CCA has current contracts with ICE and other federal clients, as well as 19 state prison systems. Its largest competitor, the Geo Group, is slightly smaller, and together they account for more than $3 billion in gross revenues annually. The next-largest player, MTC, is privately held and does not disclose numbers, but the industry as a whole grosses just under $5 billion per year.
These scorpions have even turned against the states they work for. They constantly claim that they can build prisons cheaper, run them more efficiently, pay their guards less and keep the complaints lower. They want to end public prisons and have all prisoners housed in their facilities. However, the facts say differently as explained by the latest report by the National Institute of Corrections:
The claims that private prisons are more cost-efficient than similar publically-operated facilities are examined. Anyone thinking about contracting with a private correctional organization needs to read this report. This document discusses: the origins of private prisons; reemergence of private prison companies; developments in privatization; growth of privatization, 1999-2010; and the issues of private privatization—very little to no fiscal savings through cost containment, private prisons are not a local job creator, less services and lower safety, and politicization of privatization. “The available evidence does not point to any substantial benefits to privatizing prisons”

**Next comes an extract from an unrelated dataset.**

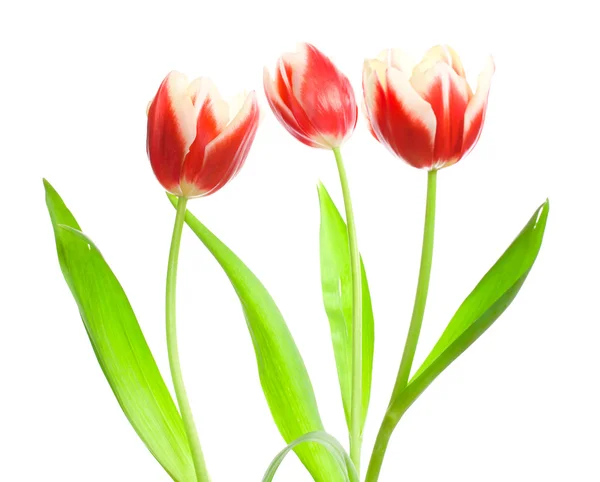 Tres tulipanes rojo-blancos — Foto de Stock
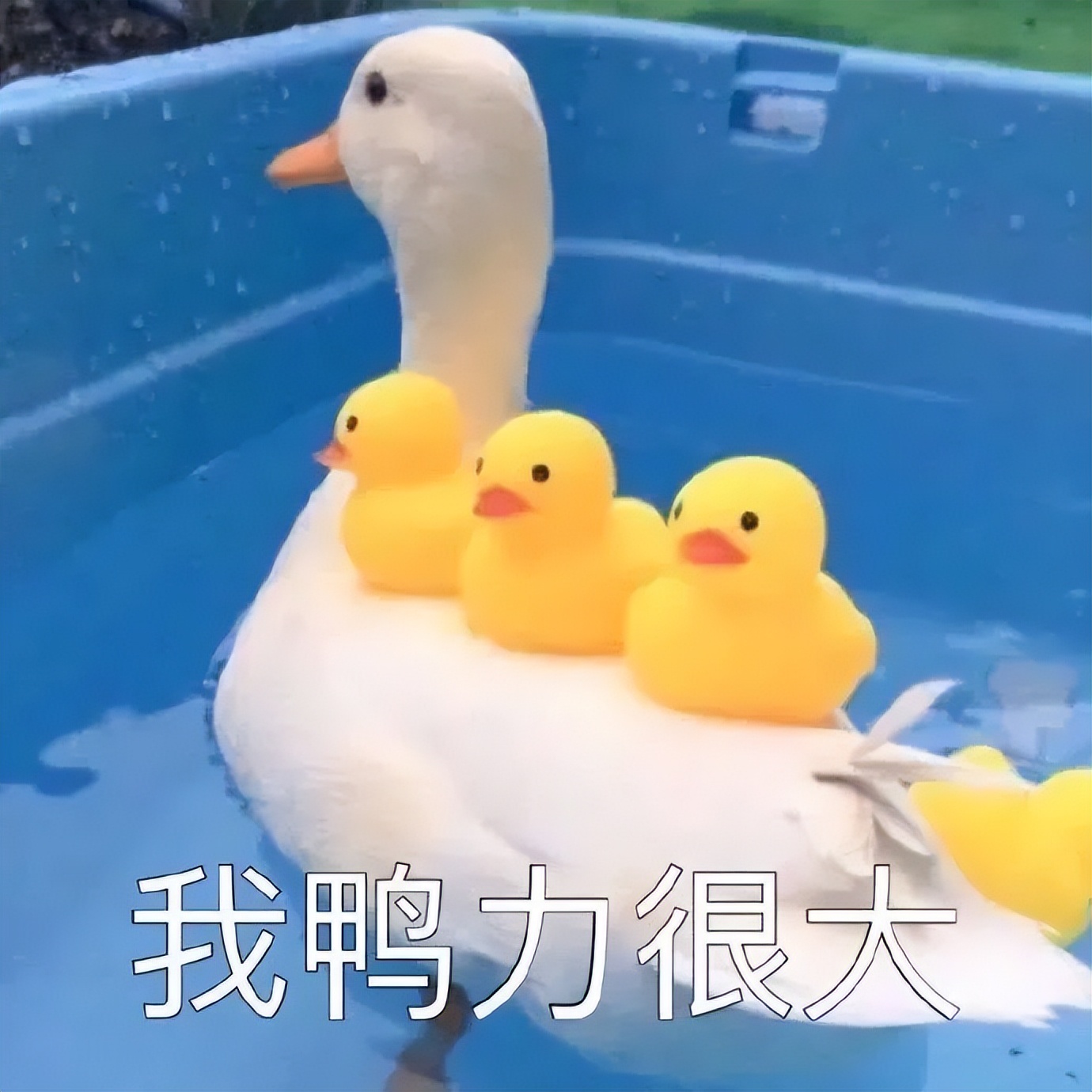 健身最离谱的请假理由,为了请假编造过的谎言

In conclusion, the need to awaken and stop being led like sheep to the slaughterhouse is now. We need to stop letting scorpions and their puppets make us fight each other with political demagogue. Behind all these so-called politics of conservative versus liberal, Republican versus Democrat, anti-immigrant versus pro-immigrants divisions, there are major forces at work. They are destroying the fabric of this nation! They are separating families! They are making us vicious and stupid animals that follow one trend or another! They are using us and only we can stop them.
We must demand that our legislators enact laws to disarm the power that the Supreme Court decision of United v. FEC has unleashed and we must stop treating each others as criminals. We must find a way to rehabilitate and not keep putting each other in jail. We must give discretion back to our judges so that they can evaluate cases on their merits. We must think of each other as one nation not as two rabid dogs tearing at each other while the scorpion vultures laugh and salivate waiting for our destruction.